TRY IT: Below are the entries to work from; restate word for word the portion that opens with the line containing "Living Area - Sun-drenched" and closes with the line containing "Front view of", keeping both.

PROVIDED RECORDS:
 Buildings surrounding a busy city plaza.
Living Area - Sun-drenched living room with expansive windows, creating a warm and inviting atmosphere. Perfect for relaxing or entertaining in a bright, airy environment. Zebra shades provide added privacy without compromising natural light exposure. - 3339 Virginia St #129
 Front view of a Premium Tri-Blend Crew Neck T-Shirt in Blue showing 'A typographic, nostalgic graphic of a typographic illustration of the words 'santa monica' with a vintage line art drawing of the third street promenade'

---

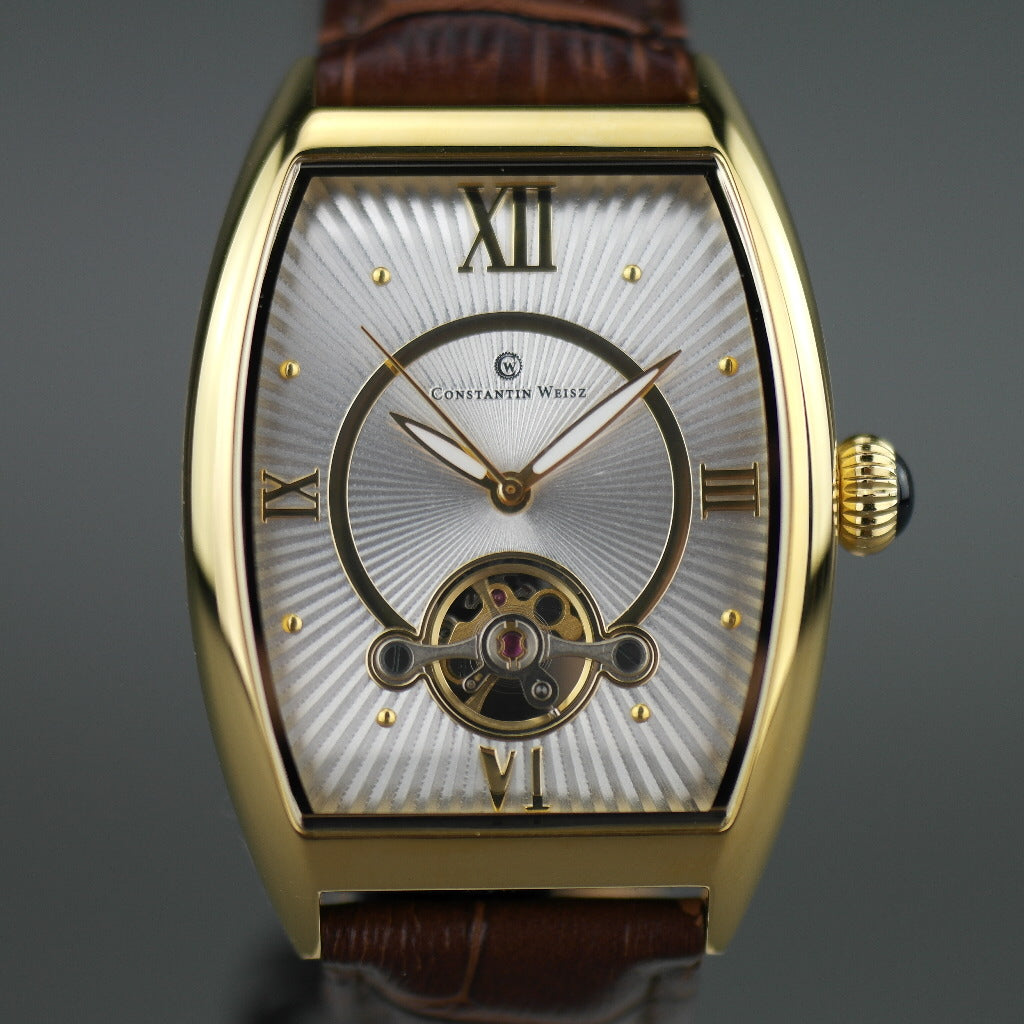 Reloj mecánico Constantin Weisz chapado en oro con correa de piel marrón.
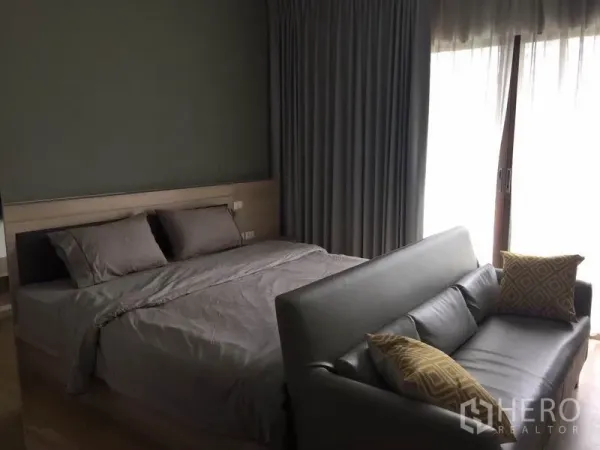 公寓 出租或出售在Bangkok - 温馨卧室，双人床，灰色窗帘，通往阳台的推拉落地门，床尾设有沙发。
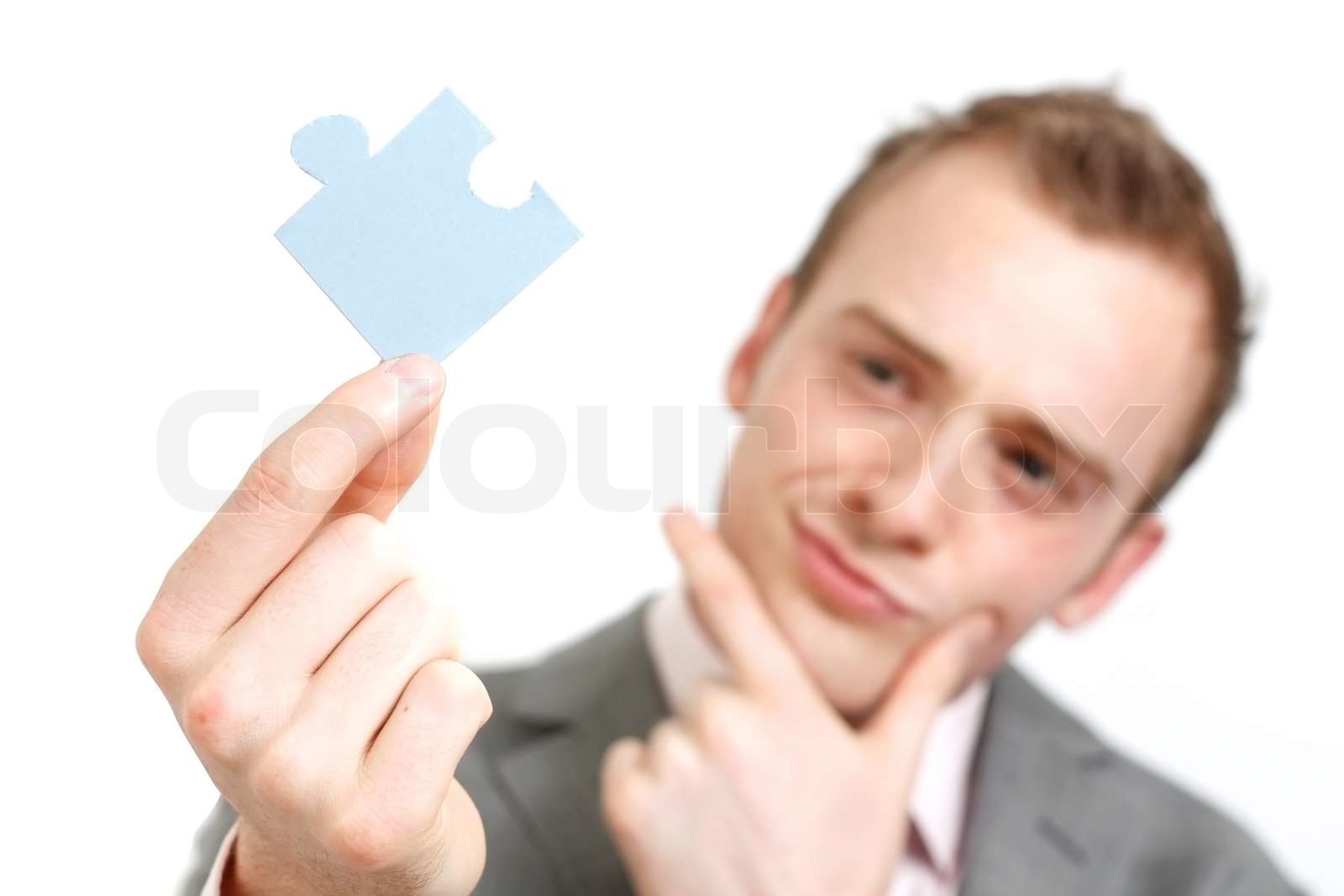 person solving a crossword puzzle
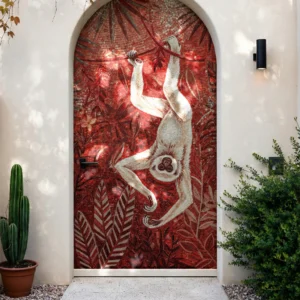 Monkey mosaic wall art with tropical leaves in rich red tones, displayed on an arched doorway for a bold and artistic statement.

OUTPUT FOR THIS EXERCISE:
Living Area - Sun-drenched living room with expansive windows, creating a warm and inviting atmosphere. Perfect for relaxing or entertaining in a bright, airy environment. Zebra shades provide added privacy without compromising natural light exposure. - 3339 Virginia St #129
 Front view of a Premium Tri-Blend Crew Neck T-Shirt in Blue showing 'A typographic, nostalgic graphic of a typographic illustration of the words 'santa monica' with a vintage line art drawing of the third street promenade'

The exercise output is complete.